_Supplied records_.
:::

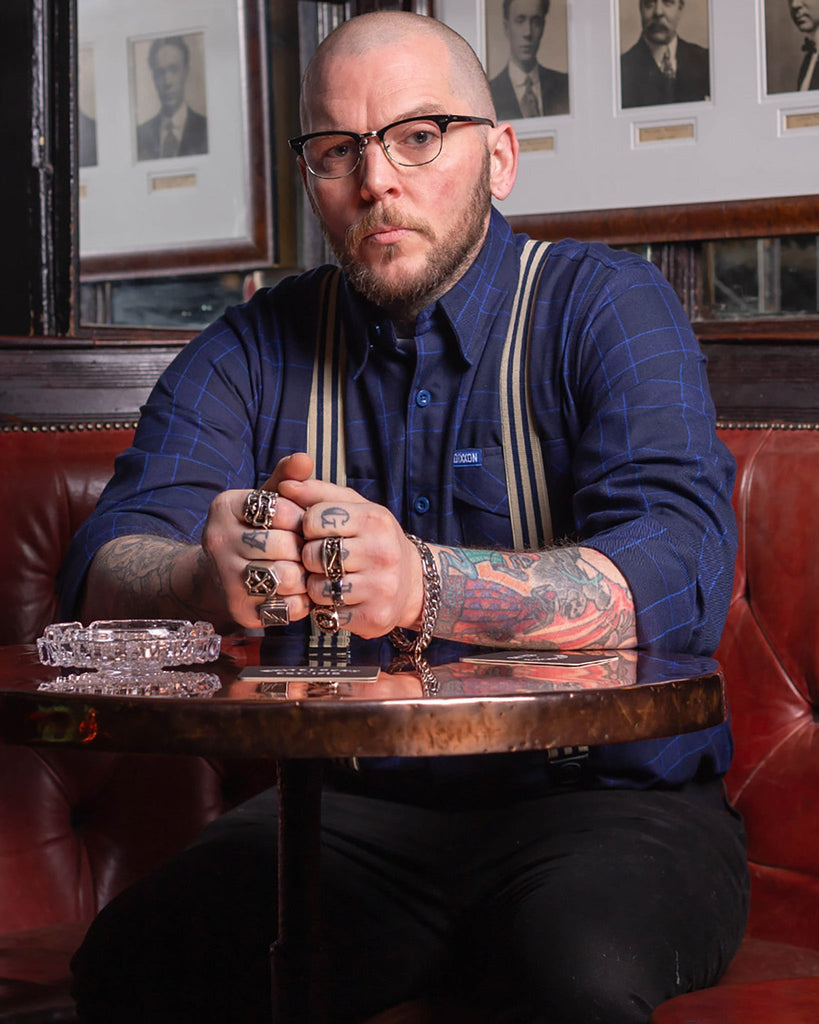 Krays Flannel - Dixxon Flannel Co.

:::

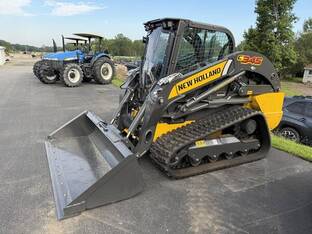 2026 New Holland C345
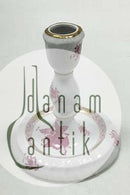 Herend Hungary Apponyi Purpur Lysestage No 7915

:::

_Exercise description_.
Nothing but the lines from the one containing "2026 New Holland C345" through the one containing "Herend Hungary Apponyi" should appear, copied exactly from the material above and without pictures.

_Answer space_.
 2026 New Holland C345
 Herend Hungary Apponyi Purpur Lysestage No 7915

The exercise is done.